> **GIVEN INFORMATION**
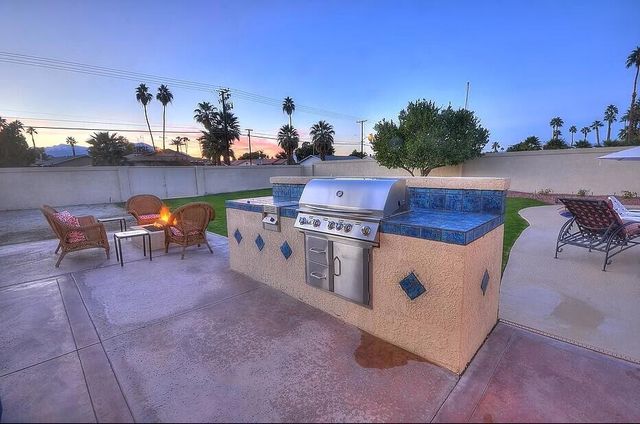 77530 Delaware Place, Palm Desert, CA 92211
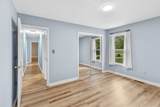 3960 Dobbins Pike - Photo 34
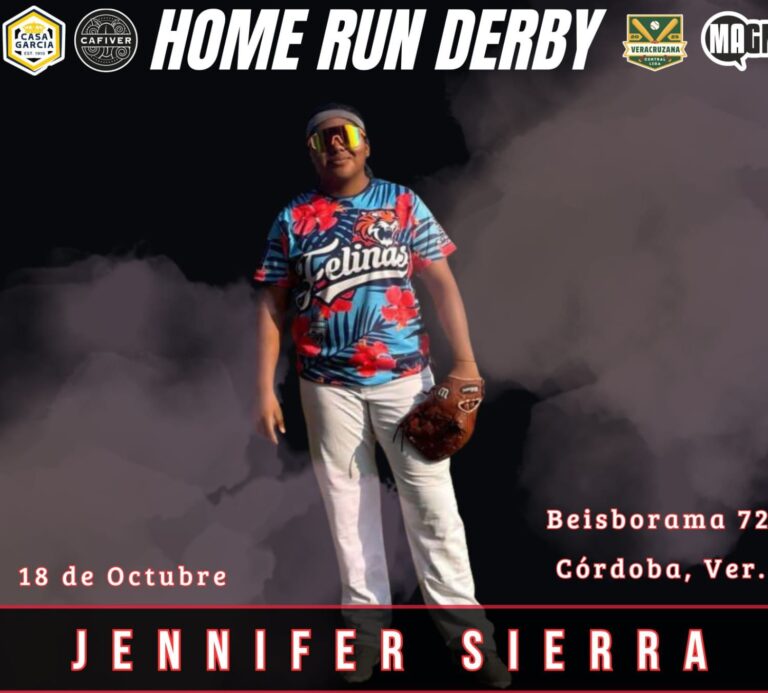 WhatsApp Image 2025-10-18 at 1.35.58 AM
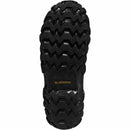 LaCrosse - Men's Alpha Lite 16"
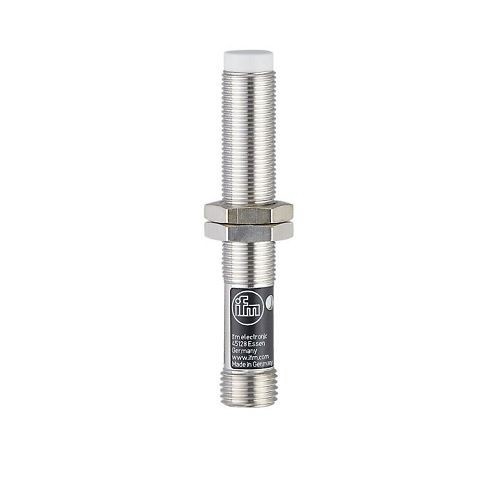 IF0301IFM Efector Inc IF0301 Inductive Sensor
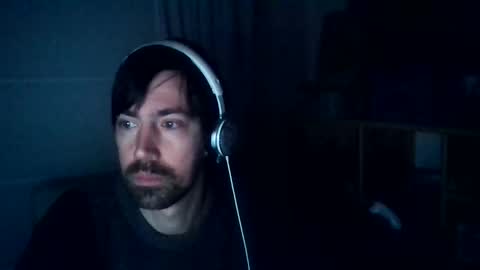 cleanwave online show from 14, 1, 2026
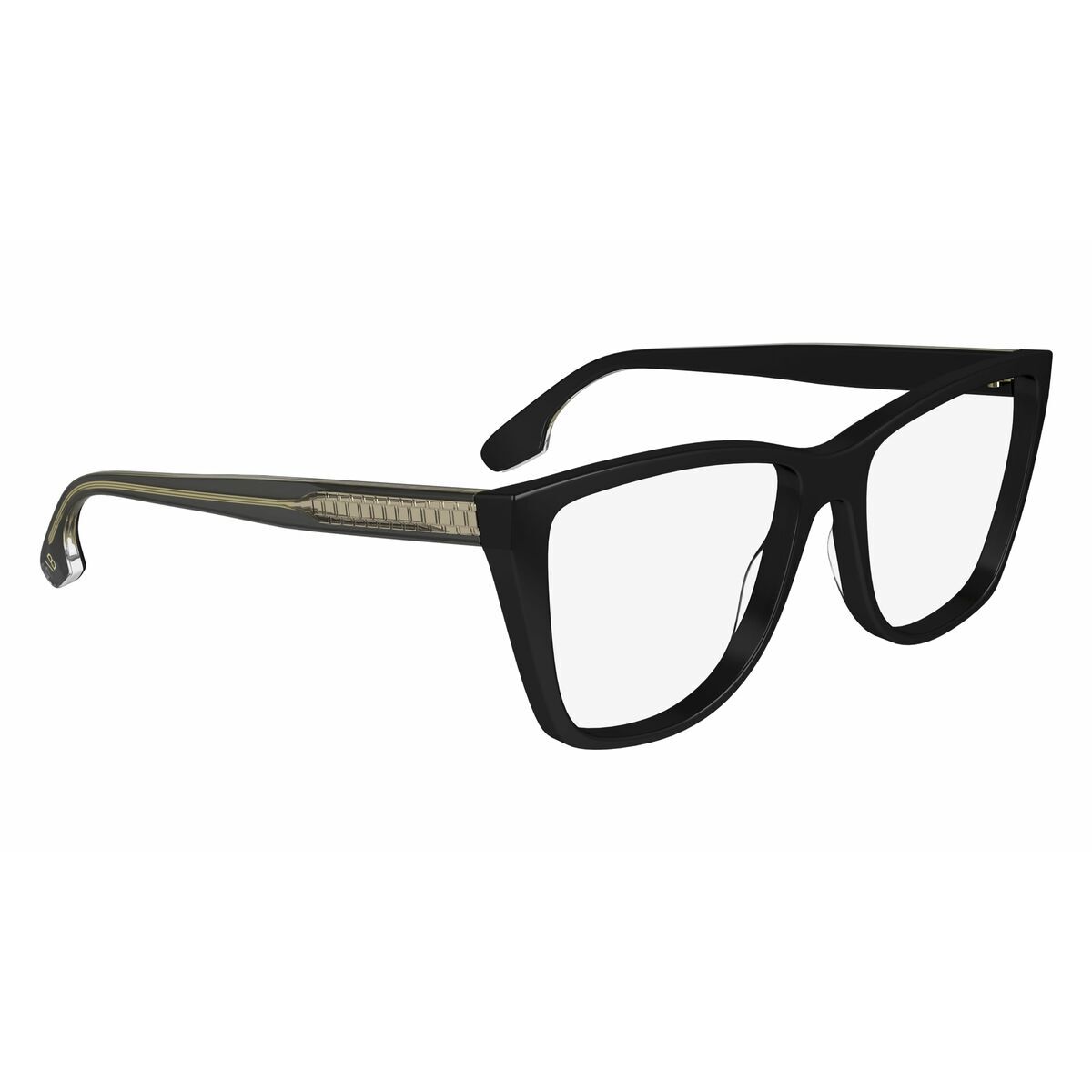 Montura de Gafas Mujer Victoria Beckham VB2664-5416001 ø 54 mm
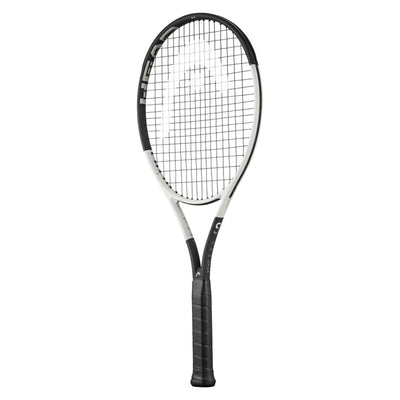 Head Speed Mp 2024 (100) HEAD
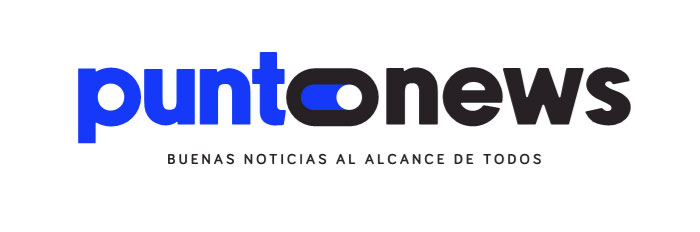 Puntonet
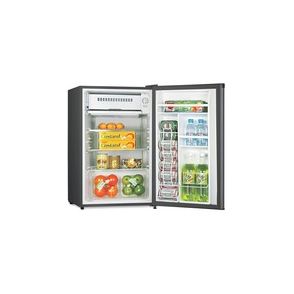 Lorell Compact Refrigerator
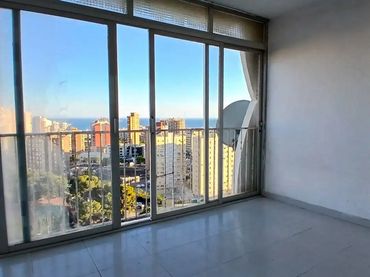 Apartamento en  Avenida de Suecia 8 - Foto 14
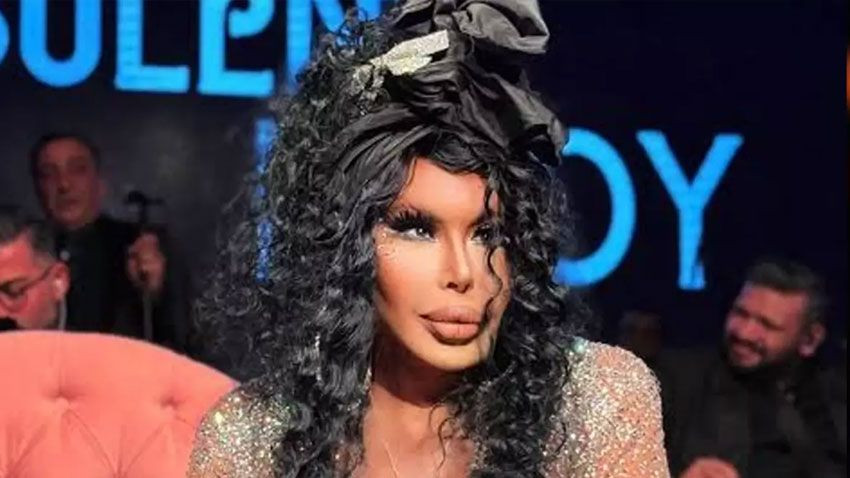 Bülent Ersoy canlı yayında bombayı patlattı! "Yeni sevgili” iddiasını böyle yanıtladı - Sayfa 2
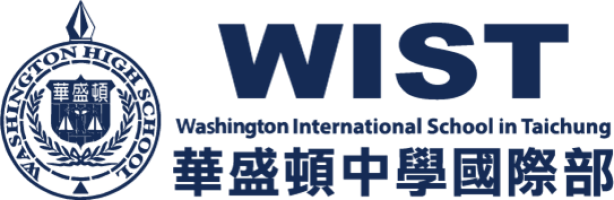 Click to see more image. Teaching English and Living in Taiwan Jobs Available 教學工作, Washington High School Washington International School in Taichung invites you to become part of our dynamic community. image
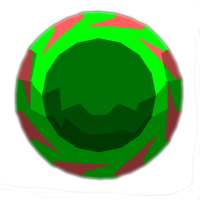Sphere Offensive 2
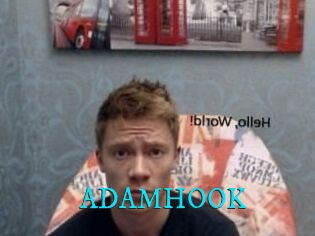 ADAM_HOOK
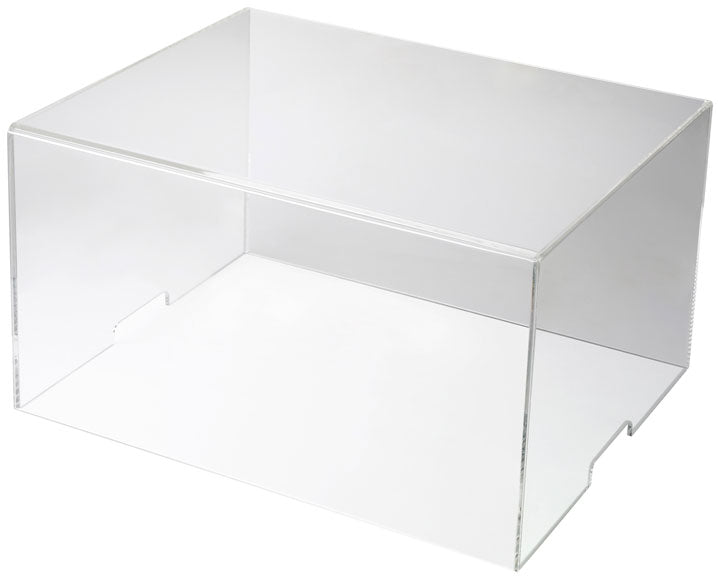 Coperchio antipolvere PRO-JECT COVER IT 1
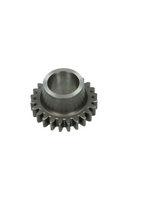 DAİMİ İŞTİRAK DİŞLİ Z.24 - 70.66 - New Holland 80.66 - 5125011 -   1  Adet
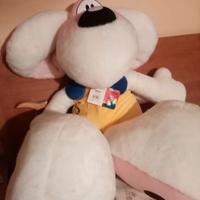 peluce diddl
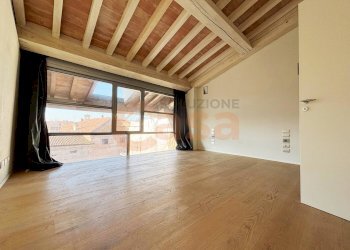 Foto 25 - Quadrilocale Corso Vittorio Emanuele Ii, Piacenza - foto 25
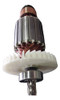 Inducido Makita Ls1040 - Original 1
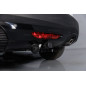 Attelage Escamotable horizontale CITROËN C4 (10/2024 - ) Attelage Escamotable horizontale CITROËN C4 (10/2024 - )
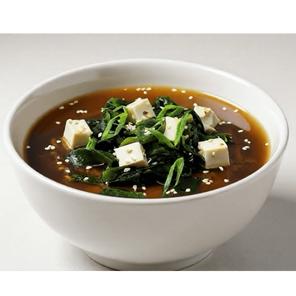 МИСО КЛАССИКА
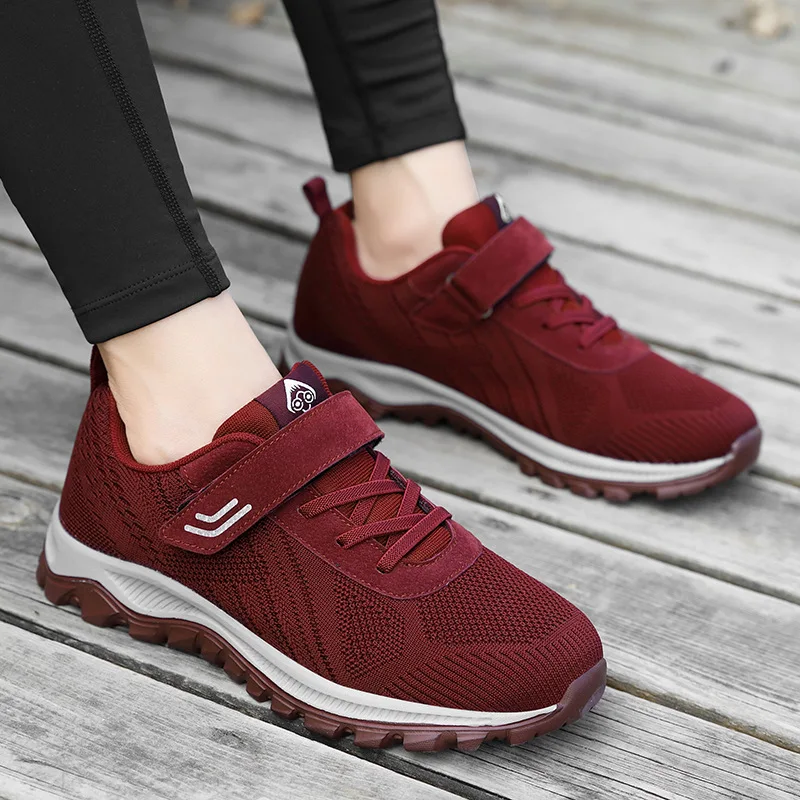 2021 Fashion Women's Net Buckle Vulcanized Leather Shoes Sports Shoes Flat Shoes Women's Solid Fashion Leisure Platform Shoes
2021 Fashion Women's Net Buckle Vulcanized Leather Shoes Sports Shoes Flat Shoes Women's Solid Fashion Leisure Platform Shoes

> **EXERCISE DESCRIPTION**
Here the job is to print all the data exactly, skipping any image.

> **OUTPUT OF THE TASK**
 77530 Delaware Place, Palm Desert, CA 92211
 3960 Dobbins Pike - Photo 34
 WhatsApp Image 2025-10-18 at 1.35.58 AM
 LaCrosse - Men's Alpha Lite 16"
 IF0301IFM Efector Inc IF0301 Inductive Sensor
 cleanwave online show from 14, 1, 2026
 Montura de Gafas Mujer Victoria Beckham VB2664-5416001 ø 54 mm
 Head Speed Mp 2024 (100) HEAD
 Puntonet
 Lorell Compact Refrigerator
 Apartamento en  Avenida de Suecia 8 - Foto 14
 Bülent Ersoy canlı yayında bombayı patlattı! "Yeni sevgili” iddiasını böyle yanıtladı - Sayfa 2
 Click to see more image. Teaching English and Living in Taiwan Jobs Available 教學工作, Washington High School Washington International School in Taichung invites you to become part of our dynamic community. image
Sphere Offensive 2
 ADAM_HOOK
 Coperchio antipolvere PRO-JECT COVER IT 1
 DAİMİ İŞTİRAK DİŞLİ Z.24 - 70.66 - New Holland 80.66 - 5125011 -   1  Adet
 peluce diddl
 Foto 25 - Quadrilocale Corso Vittorio Emanuele Ii, Piacenza - foto 25
 Inducido Makita Ls1040 - Original 1
 Attelage Escamotable horizontale CITROËN C4 (10/2024 - ) Attelage Escamotable horizontale CITROËN C4 (10/2024 - )
 МИСО КЛАССИКА
 2021 Fashion Women's Net Buckle Vulcanized Leather Shoes Sports Shoes Flat Shoes Women's Solid Fashion Leisure Platform Shoes
2021 Fashion Women's Net Buckle Vulcanized Leather Shoes Sports Shoes Flat Shoes Women's Solid Fashion Leisure Platform Shoes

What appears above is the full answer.